Exercise details
Here the job is to return only the lines of the material, exactly, from the first one to the line with "Miu-meow - cat, Kittens, Yin".

Study material
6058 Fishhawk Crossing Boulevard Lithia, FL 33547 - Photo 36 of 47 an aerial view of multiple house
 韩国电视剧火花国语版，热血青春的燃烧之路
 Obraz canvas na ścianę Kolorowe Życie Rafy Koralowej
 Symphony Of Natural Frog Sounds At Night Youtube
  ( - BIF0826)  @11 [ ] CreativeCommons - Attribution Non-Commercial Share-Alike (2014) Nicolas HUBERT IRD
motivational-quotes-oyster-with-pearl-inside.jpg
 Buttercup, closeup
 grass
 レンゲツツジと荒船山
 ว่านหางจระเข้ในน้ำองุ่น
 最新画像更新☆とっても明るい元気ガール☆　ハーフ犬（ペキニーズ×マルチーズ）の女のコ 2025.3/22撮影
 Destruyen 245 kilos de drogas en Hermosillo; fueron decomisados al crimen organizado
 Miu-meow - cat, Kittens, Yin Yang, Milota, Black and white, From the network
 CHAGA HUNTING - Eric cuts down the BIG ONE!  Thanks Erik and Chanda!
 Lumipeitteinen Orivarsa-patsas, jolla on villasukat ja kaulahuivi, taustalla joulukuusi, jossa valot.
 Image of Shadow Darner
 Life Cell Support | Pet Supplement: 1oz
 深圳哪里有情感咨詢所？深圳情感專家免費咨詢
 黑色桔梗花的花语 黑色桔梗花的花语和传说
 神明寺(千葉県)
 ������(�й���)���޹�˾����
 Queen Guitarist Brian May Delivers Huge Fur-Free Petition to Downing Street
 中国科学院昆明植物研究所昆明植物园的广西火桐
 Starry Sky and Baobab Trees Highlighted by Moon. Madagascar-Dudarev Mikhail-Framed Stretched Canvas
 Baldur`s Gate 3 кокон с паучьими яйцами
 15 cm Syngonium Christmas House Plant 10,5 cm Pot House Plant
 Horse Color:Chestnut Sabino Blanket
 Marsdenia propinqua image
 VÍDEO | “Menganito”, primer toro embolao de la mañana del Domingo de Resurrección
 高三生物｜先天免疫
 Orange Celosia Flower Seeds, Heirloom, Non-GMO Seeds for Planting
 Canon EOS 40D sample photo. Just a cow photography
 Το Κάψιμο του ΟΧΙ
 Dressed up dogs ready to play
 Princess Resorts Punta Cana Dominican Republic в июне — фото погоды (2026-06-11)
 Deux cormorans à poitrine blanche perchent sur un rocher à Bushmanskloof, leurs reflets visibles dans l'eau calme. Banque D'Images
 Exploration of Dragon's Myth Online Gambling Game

Reply
6058 Fishhawk Crossing Boulevard Lithia, FL 33547 - Photo 36 of 47 an aerial view of multiple house
 韩国电视剧火花国语版，热血青春的燃烧之路
 Obraz canvas na ścianę Kolorowe Życie Rafy Koralowej
 Symphony Of Natural Frog Sounds At Night Youtube
  ( - BIF0826)  @11 [ ] CreativeCommons - Attribution Non-Commercial Share-Alike (2014) Nicolas HUBERT IRD
motivational-quotes-oyster-with-pearl-inside.jpg
 Buttercup, closeup
 grass
 レンゲツツジと荒船山
 ว่านหางจระเข้ในน้ำองุ่น
 最新画像更新☆とっても明るい元気ガール☆　ハーフ犬（ペキニーズ×マルチーズ）の女のコ 2025.3/22撮影
 Destruyen 245 kilos de drogas en Hermosillo; fueron decomisados al crimen organizado
 Miu-meow - cat, Kittens, Yin Yang, Milota, Black and white, From the network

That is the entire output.